Ingredients:
- 1 tbsp extra virgin olive oil
- 1 lb bulk Italian sausage
- 1 large yellow onion, finely diced
- 2 medium carrots, diced
- 2 stalks celery, diced
- 4 cloves garlic, minced
- 1 tsp dried oregano
- 1/2 tsp red pepper flakes
- 2 cans (15 oz each) cannellini beans, drained and rinsed
- 6 cups chicken bone broth
- 1 Parmesan cheese rind
- 1 bay leaf
- 5 oz fresh baby spinach
- 1 tbsp fresh lemon juice
- 1/2 cup freshly grated Parmigiano-Reggiano
- Kosher salt to taste
- Black pepper to taste
Instructions:
- Heat olive oil in a 6-quart Dutch oven over medium-high heat. Add the Italian sausage and break into bite-sized chunks. Cook for 6-8 minutes until deeply browned and crispy. Note: This crust is where 50% of your flavor lives.

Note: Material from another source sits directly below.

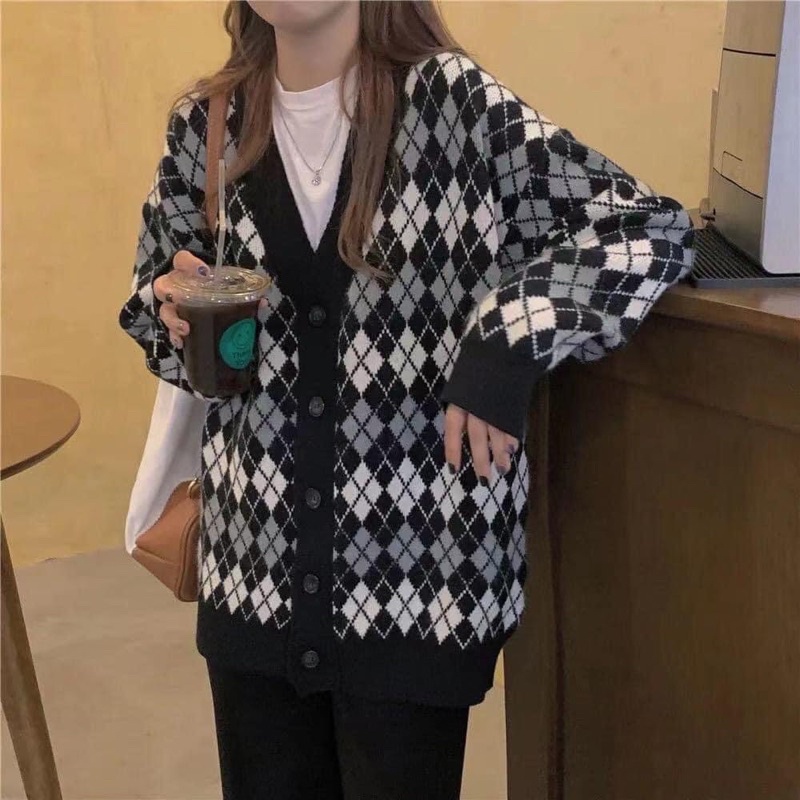 Áo cardigan Chất Len hoạ tiết . Hàng quảng châu  mềm From rộng Loại 1 caro sọc ulzzang /đen hồng xanh. | BigBuy360 - bigbuy360.vn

- Lower the heat to medium and add the diced onion, carrots, and celery to the pot. Sauté for 5 minutes until the onion is translucent and soft. The moisture from the vegetables will start to loosen the browned bits from the sausage.
- Stir in the minced garlic, dried oregano, and red pepper flakes. Cook for 1 minute until fragrant, being careful not to burn the garlic.

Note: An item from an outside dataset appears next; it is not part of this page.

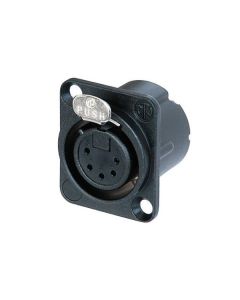 Neutrik XLR 5p. Chassis Female Silver contacts, Black metal housing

- Pour in 1 cup of the 6 cups chicken bone broth. Use your wooden spoon to scrape every last bit of fond from the bottom. Scrape until the bottom of the pot is clean.
- Add the remaining chicken bone broth, the 2 cans of rinsed cannellini beans, the Parmesan rind, and the bay leaf. Bring the mixture to a gentle boil.

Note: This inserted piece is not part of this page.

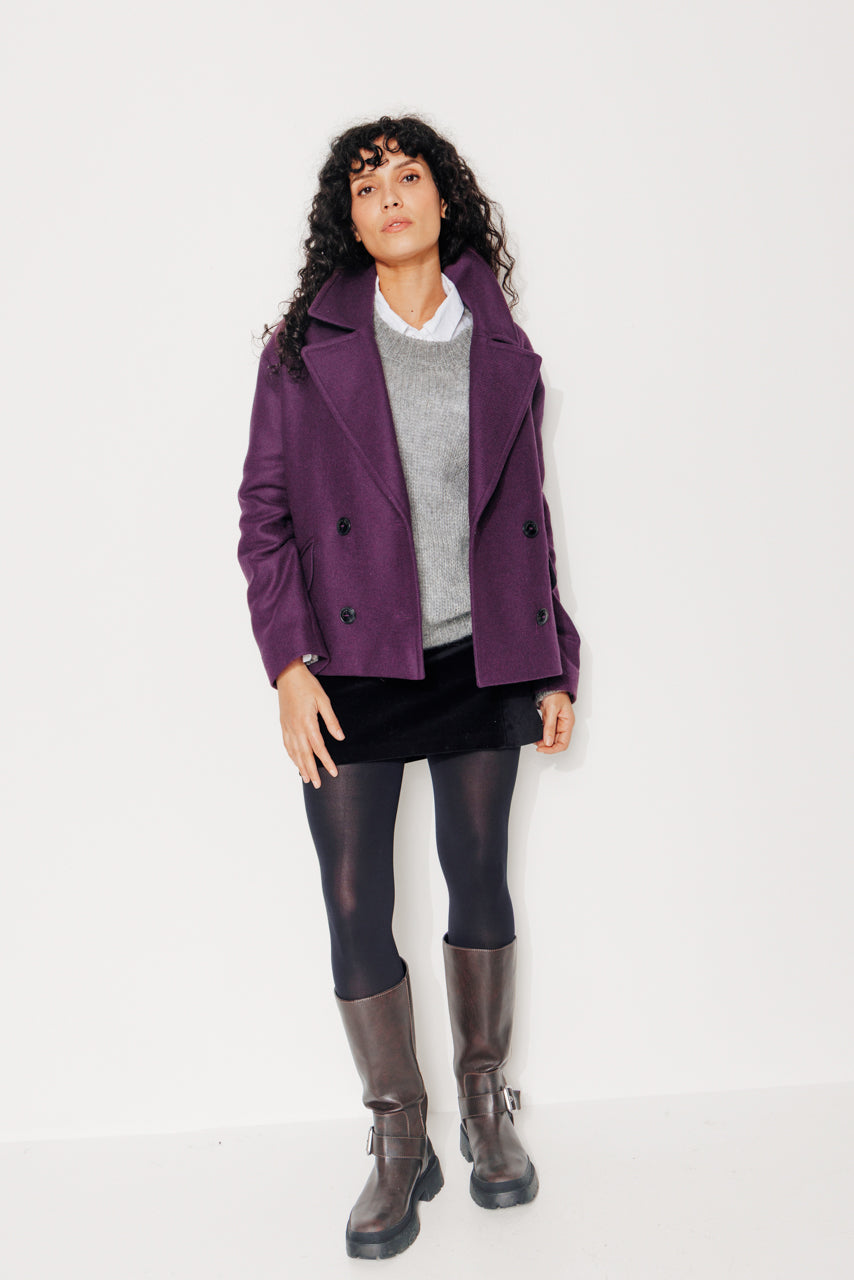 trench-coat-murier-manteau-court-oversize-gabardine-laine-recycl-e-violet image 1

- Once boiling, take your wooden spoon and mash about 1/2 cup of the beans against the side of the pot. Stir the mashed beans back into the liquid. Note: This creates a naturally creamy consistency without adding dairy.
- Reduce the heat to low. Simmer uncovered for 20 minutes. This allows the flavors to meld and the Parmesan rind to soften and release its oils.
- Remove and discard the Parmesan rind and the bay leaf. Stir in the 5 oz of baby spinach. Cook for 1-2 minutes until the leaves are wilted and bright green.
- Stir in the 1 tbsp fresh lemon juice. Taste the soup. Add kosher salt and black pepper as needed. The amount of salt will depend on how salty your broth and sausage were.
- Ladle the hot soup into bowls. Top with a generous dusting of Parmigiano Reggiano and a crack of black pepper. Serve immediately while the cheese is just beginning to melt into the broth.